In sum, the above texts strongly suggest that Ratzinger viewed Mary as having suffered and died like the rest of us, with the difference lying in her
response to these trials. Because she was perfectly receptive to God’s gift of suffering, Mary did not experience death as an evil to be dreaded—much less as evidence against God’s goodness—but rather as the definitive path to conformity with her son.
8. The Main Problem Is Not Having to Suffer and Die, but How to Suffer and Die Well
The above texts indicate that Ratzinger considers Mary to have died before being assumed into heaven. This, combined with the fact that he did not even feel the need to argue for this position, confirms Ratzinger’s broader understanding that suffering and death are in the world not primarily because of sin but in order to conform us to the image of Jesus Christ. In light of the above discussion, we may now add that redemptive suffering and death also unite us to the New Eve, his blessed mother. I would now like to draw out some implications of Ratzinger’s approach to the Blessed Mother’s immaculate acceptance of suffering and death.
In light of Ratzinger’s understanding of Mary combined with the integral role of suffering and death in the evolutionary design of the cosmos, it seems appropriate to conclude that mankind’s ultimate problem is not suffering and physical death per se but rather our resistance to accepting these crosses as our path to sanctification. To put it in Ratzinger’s personalist language, the ultimate problem is rather our orientation towards or relationship with these trials through which we all must pass—i.e., whether we play the victim, raging and rebelling against them, or rather whether we overcome them by receiving them as gifts. From this perspective, the grace lost by our forefathers was not something that would have prevented us from suffering and dying but rather that which allows us to suffer and die well—with Christ and like his Blessed Mother in a cruciform gift of self-abandonment to the Father’s will.
Ratzinger’s vision is one of a human race that has likely always experienced suffering of many kinds. However, as we have seen above, this would not have caused in Mary or our first parents the experience of misery, absurdity, and dread that the rest of us experience because of our inept response to trials. I find that C.S. Lewis captures this point well when he, like Ratzinger, says that the problem of how to bear suffering well is crucial to our fulfillment as human beings: “[T]he proper good of a creature is to surrender itself to its Creator… the problem is how to recover this self-surrender. We are not merely imperfect creatures who must be improved: we are, as Newman said, rebels who must lay down our arms” (
Lewis 2001, p. 76). From here, Lewis makes a poignant suggestion that sheds light on how Christ, Mary, and our first parents may have experienced their suffering:
Even in Paradise I have supposed a minimal self-adherence to be overcome, though the overcoming, and the yielding, would there be rapturous. But to surrender a self will inflamed and swollen with years of usurpation is a kind of death…The self-surrender which he practiced before the Fall meant no struggle but only the delicious overcoming of an infinitesimal self-adherence which delighted to be overcome—of which we see a dim analogy in the rapturous mutual self-surrenders of lovers even now.

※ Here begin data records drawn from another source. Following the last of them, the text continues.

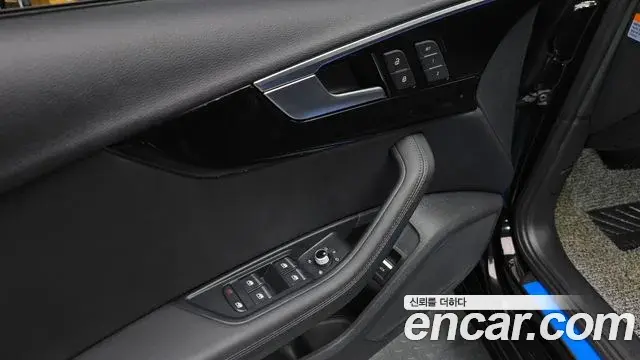 Audi A4 2021 — Фото 15/20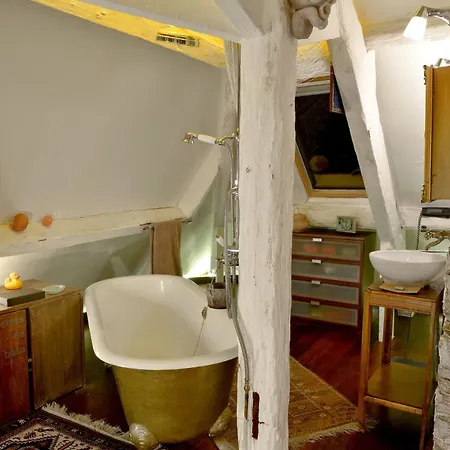 Lägenhet Le Loft De L'artiste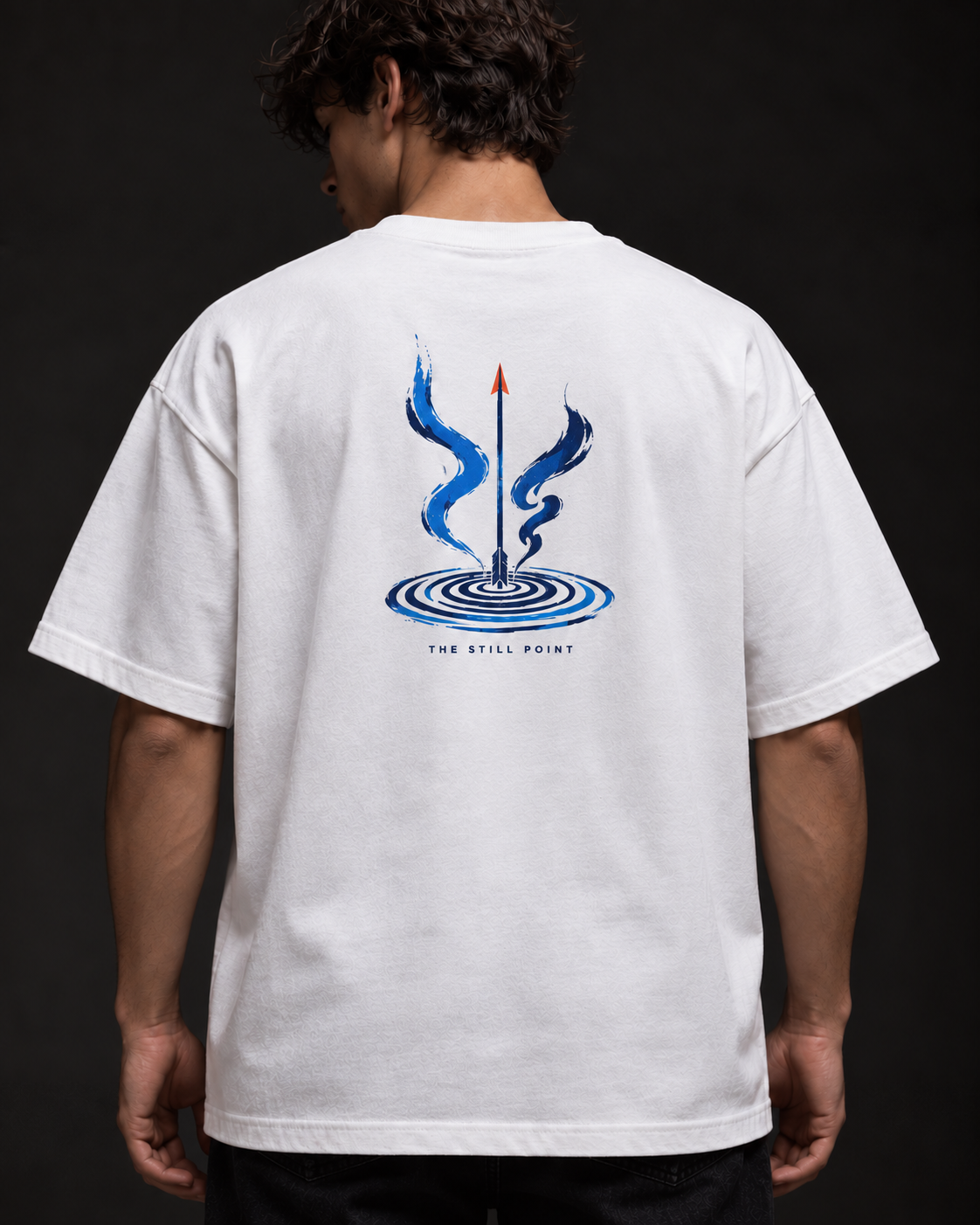 One Breath Oversized Tee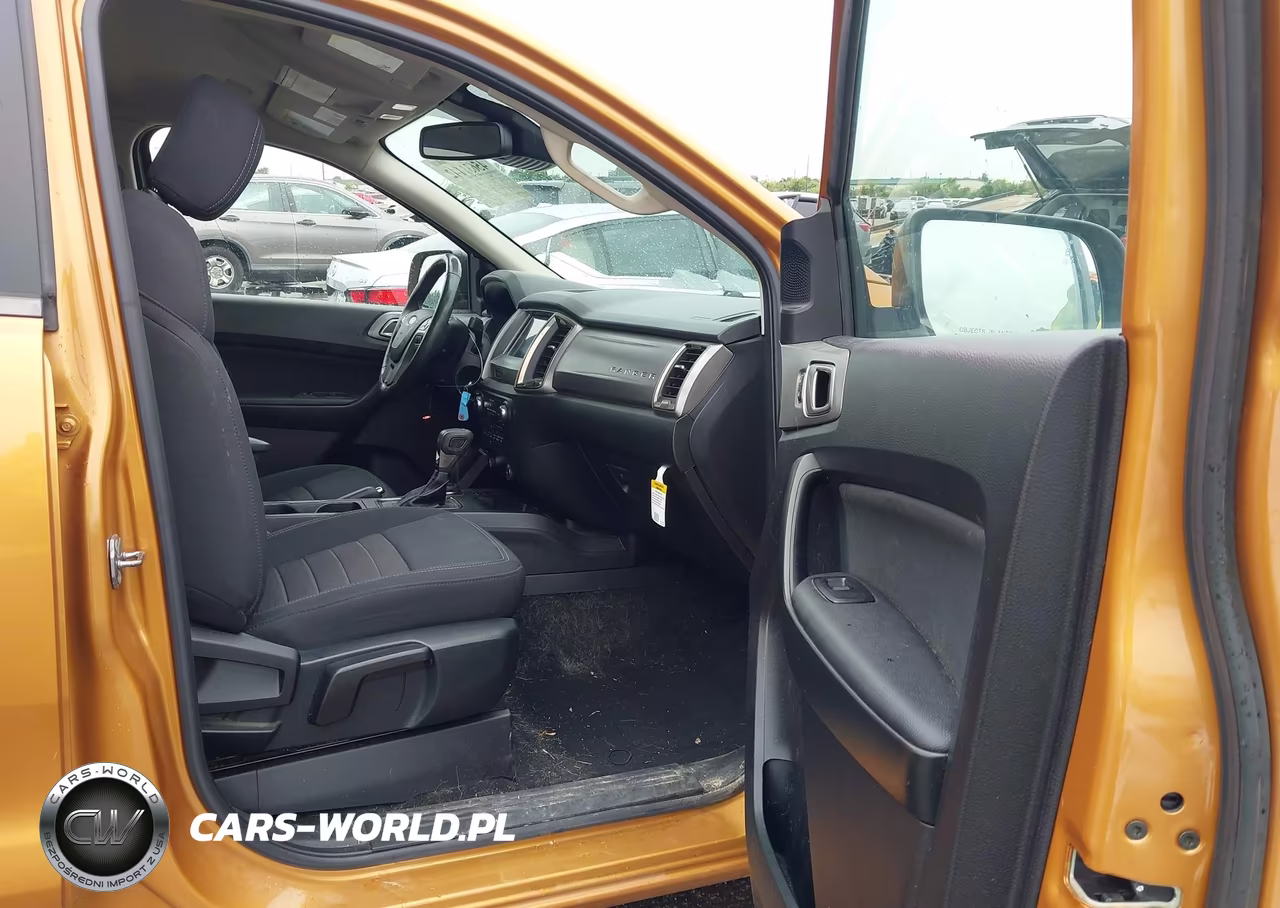 2020 Ford Ranger Xlt VIN:1FTER4FH7LLA50509 - 5
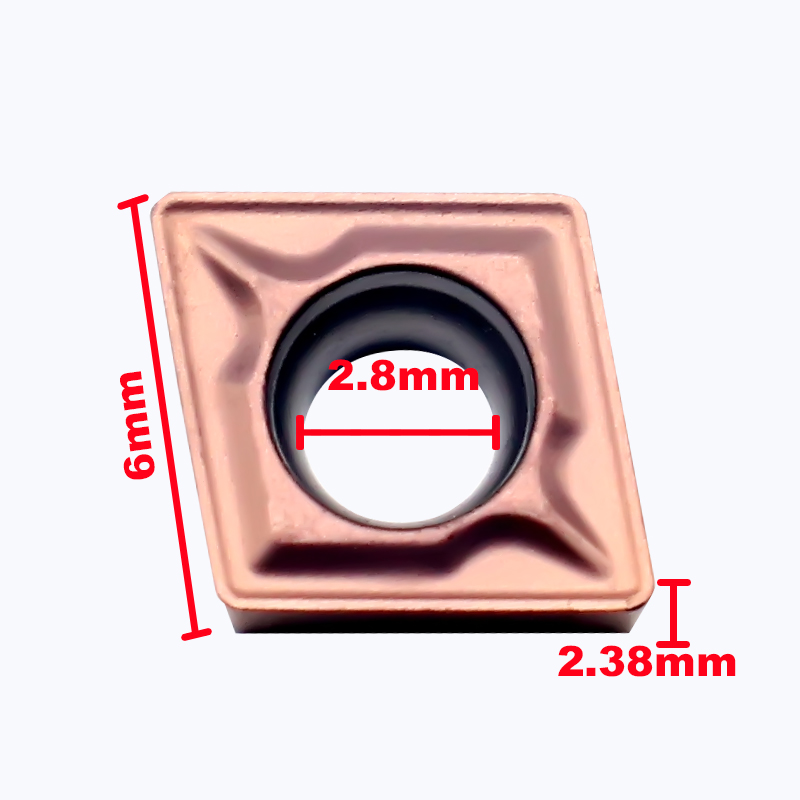 10pcs CCMT09T304 CCMT060204 11 - Parting Tool Lathe 评论和价格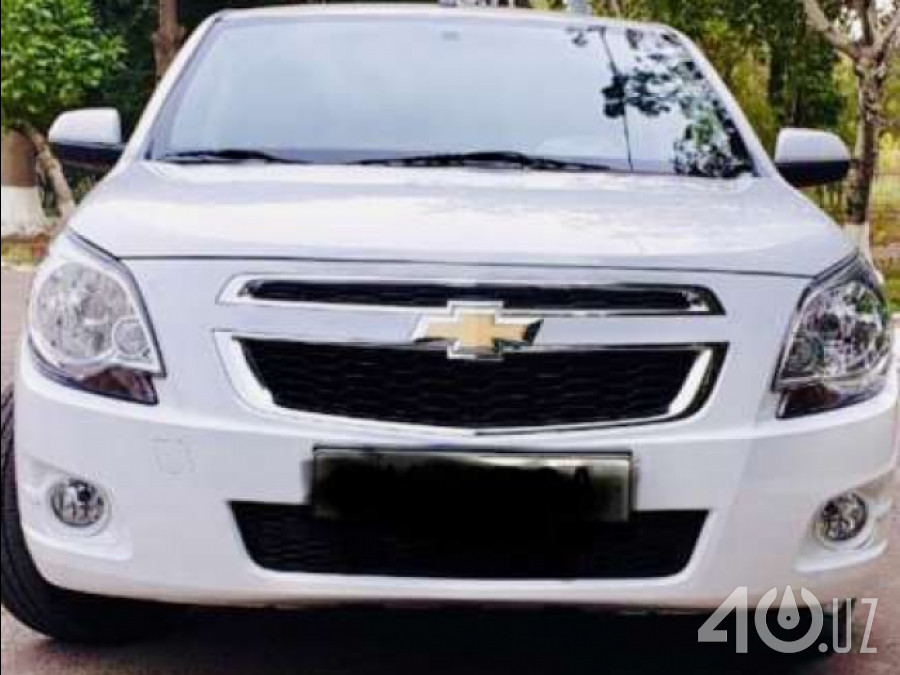 Chevrolet Uz Cobalt II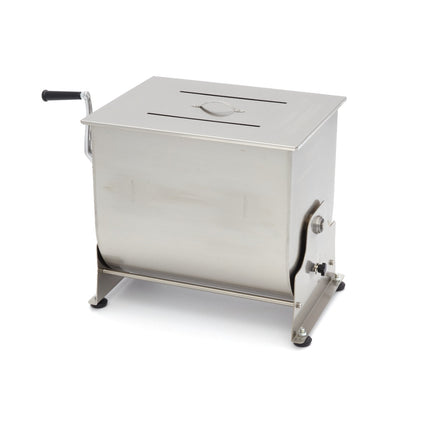 Meat Mixer | 60L | 55kg Meat | Tilting Bowl | Manual 4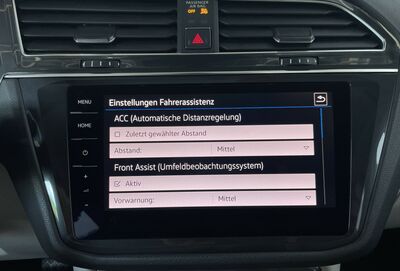 VW Tiguan Gebrauchtwagen VW Tiguan Gebrauchtwagen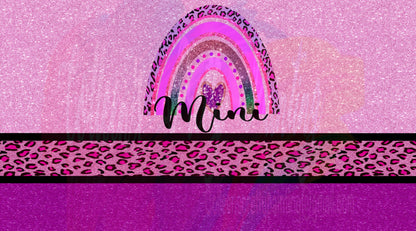 Two designs included with this design. Downloadable mama and mini designs for 20 Oz tumbler and 12 Oz  sippy cup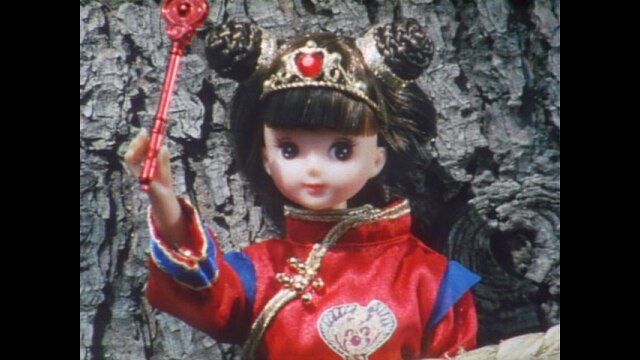 第15話 私のぱいぱい人形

This portrait of sinless suffering is sublime, yet everyday experiences may also serve to illustrate what an unfallen response to pain and suffering might look like. Consider the satisfaction that comes from having completed a hard day’s work or the gratification that ensues upon completing a demanding workout with all the sweat and pain it involves. Frequently, the sense of fulfillment that we receive from achieving these goals comes not despite but precisely because of hardships endured and obstacles overcome along the way. Indeed, while the journey was not necessarily pleasurable, it was not miserable and indeed was ultimately a source of great joy.
This, then, is the key: Even if the human race has always suffered and died, the experience—like that which we ourselves sometimes glimpse in the midst of great trials—need not be one of affliction and despair. For, just as the self-giving that we find in the life of Christ and the Trinity itself is one of sheer bliss, so too man in his graced state could have found rapturous joy through his surrender of self in loving suffering. While we today cannot simply return to this original state, the good news is that God does offer us the grace to live our sufferings well, and he has left us examples of how to do so in Jesus Christ and the Blessed Virgin Mary.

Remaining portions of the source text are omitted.